Input: Begin
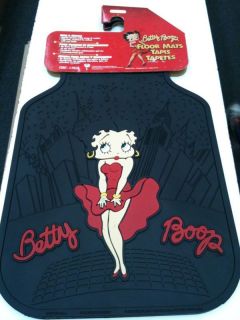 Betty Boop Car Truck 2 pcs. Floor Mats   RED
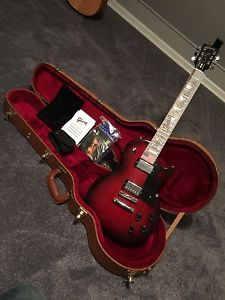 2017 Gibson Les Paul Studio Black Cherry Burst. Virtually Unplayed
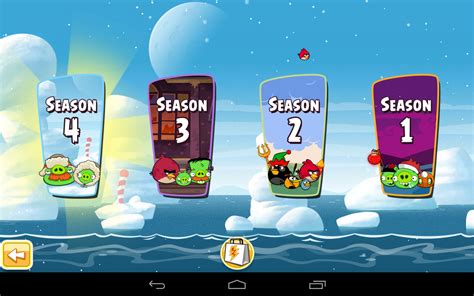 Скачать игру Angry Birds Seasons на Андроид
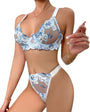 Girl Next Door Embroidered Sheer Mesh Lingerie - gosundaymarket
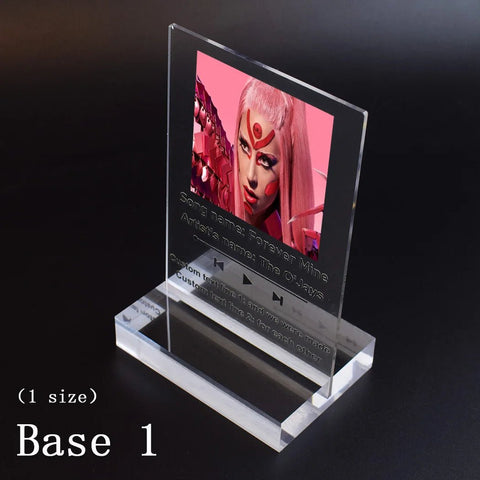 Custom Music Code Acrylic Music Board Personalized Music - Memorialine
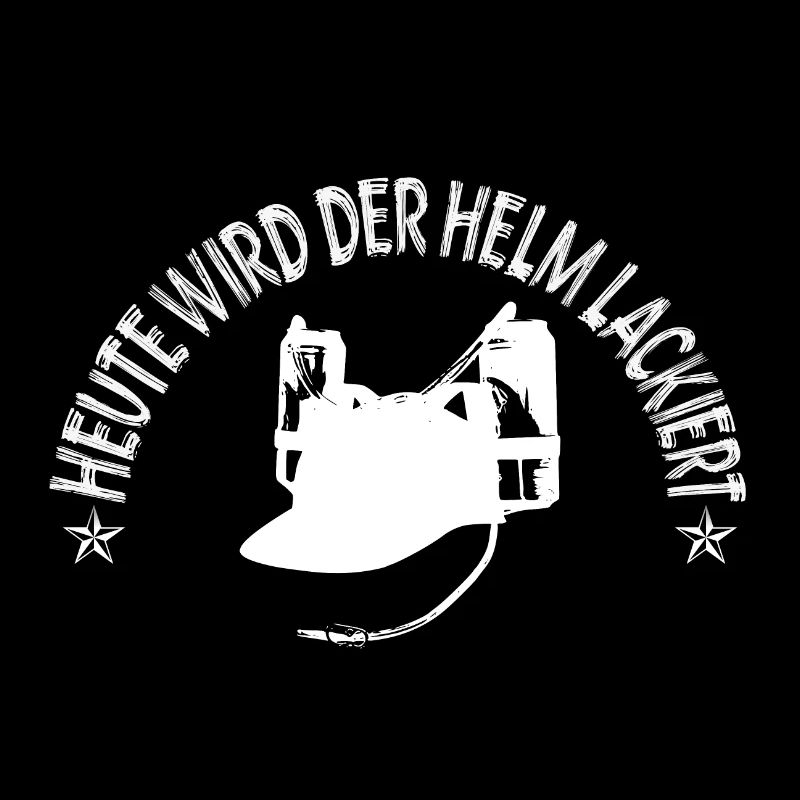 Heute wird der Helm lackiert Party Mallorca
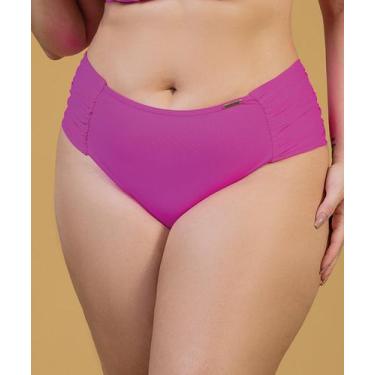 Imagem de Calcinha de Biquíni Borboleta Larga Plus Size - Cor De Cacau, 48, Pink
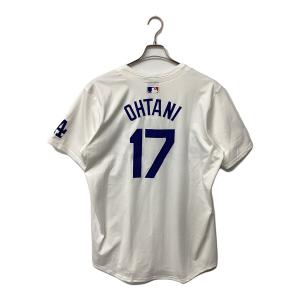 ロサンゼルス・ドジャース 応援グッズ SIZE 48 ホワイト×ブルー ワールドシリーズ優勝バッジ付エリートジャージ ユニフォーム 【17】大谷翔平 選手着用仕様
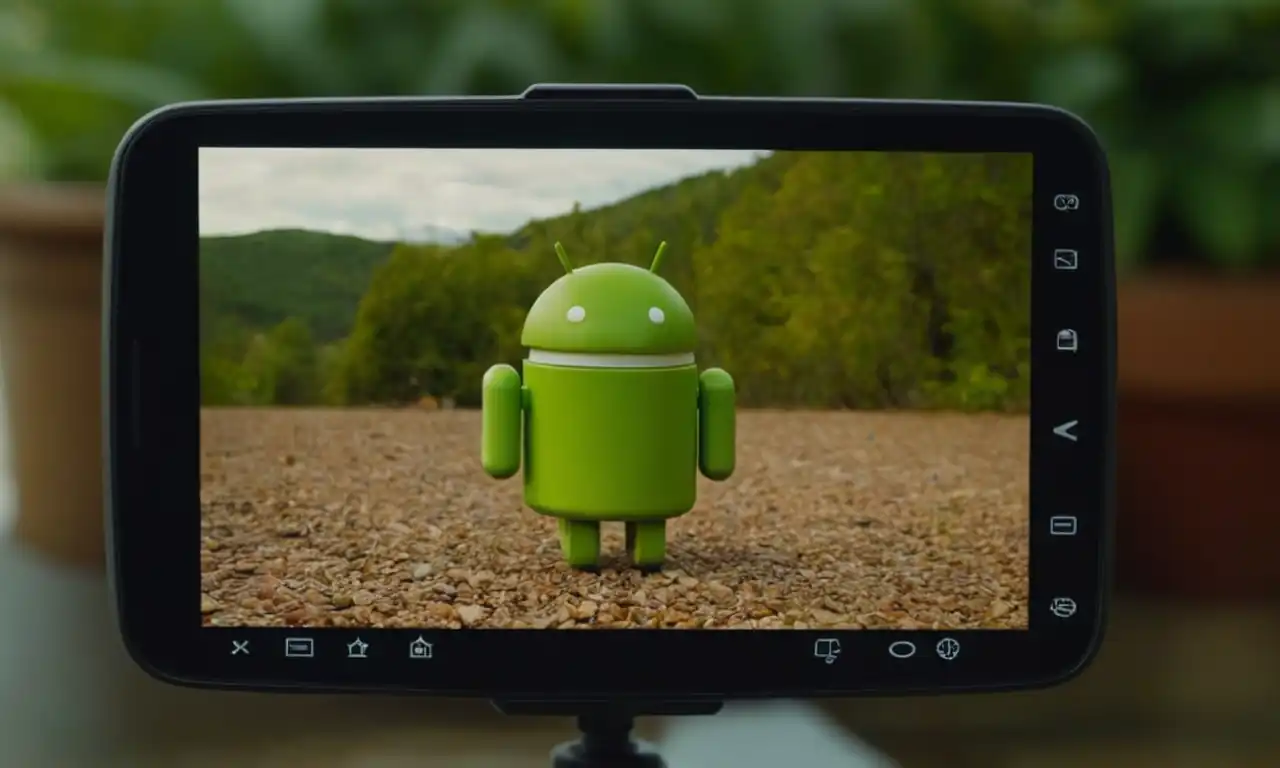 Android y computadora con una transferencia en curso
Input: End
> _Aim of the task_
Using the records above, print exactly the lines between the ones containing "2017 Gibson Les" and "Imagem de Calcinha", inclusive, and nothing else; no pictures.

> _Solution to this task_
 2017 Gibson Les Paul Studio Black Cherry Burst. Virtually Unplayed
 Скачать игру Angry Birds Seasons на Андроид
 Girl Next Door Embroidered Sheer Mesh Lingerie - gosundaymarket
 Custom Music Code Acrylic Music Board Personalized Music - Memorialine
 Heute wird der Helm lackiert Party Mallorca
 Imagem de Calcinha de Biquíni Borboleta Larga Plus Size - Cor De Cacau, 48, Pink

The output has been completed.